___ Supplied material

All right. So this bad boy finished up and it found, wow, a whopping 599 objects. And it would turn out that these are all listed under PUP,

______
___ Supplied material

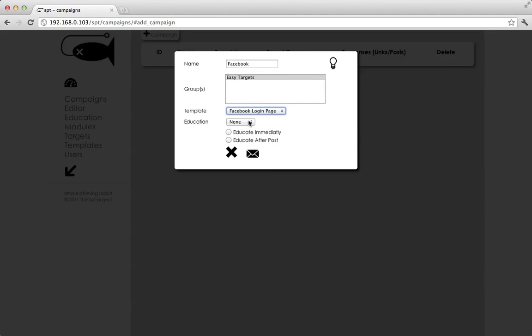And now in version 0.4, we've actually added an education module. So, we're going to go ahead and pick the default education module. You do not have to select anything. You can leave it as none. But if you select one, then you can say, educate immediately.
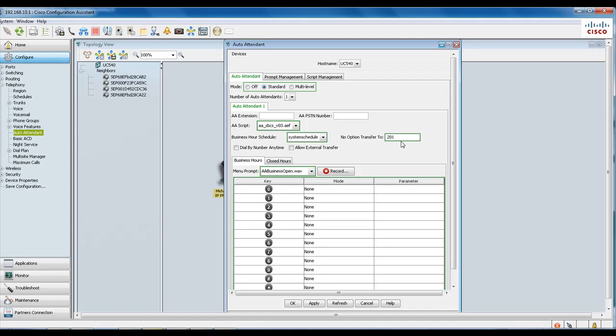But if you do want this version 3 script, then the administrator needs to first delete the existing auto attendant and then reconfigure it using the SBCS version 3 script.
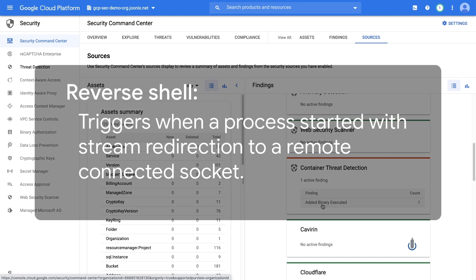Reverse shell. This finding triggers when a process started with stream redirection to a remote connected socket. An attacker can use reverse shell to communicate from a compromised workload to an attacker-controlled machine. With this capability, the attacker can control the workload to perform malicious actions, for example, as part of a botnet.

______

● **Task instructions**
Take the material above from the line bearing "But if you do" through the line bearing "Reverse shell. This" and write it out exactly, both end lines included. Pictures stay out.

● **Output for this task**
But if you do want this version 3 script, then the administrator needs to first delete the existing auto attendant and then reconfigure it using the SBCS version 3 script.
Reverse shell. This finding triggers when a process started with stream redirection to a remote connected socket. An attacker can use reverse shell to communicate from a compromised workload to an attacker-controlled machine. With this capability, the attacker can control the workload to perform malicious actions, for example, as part of a botnet.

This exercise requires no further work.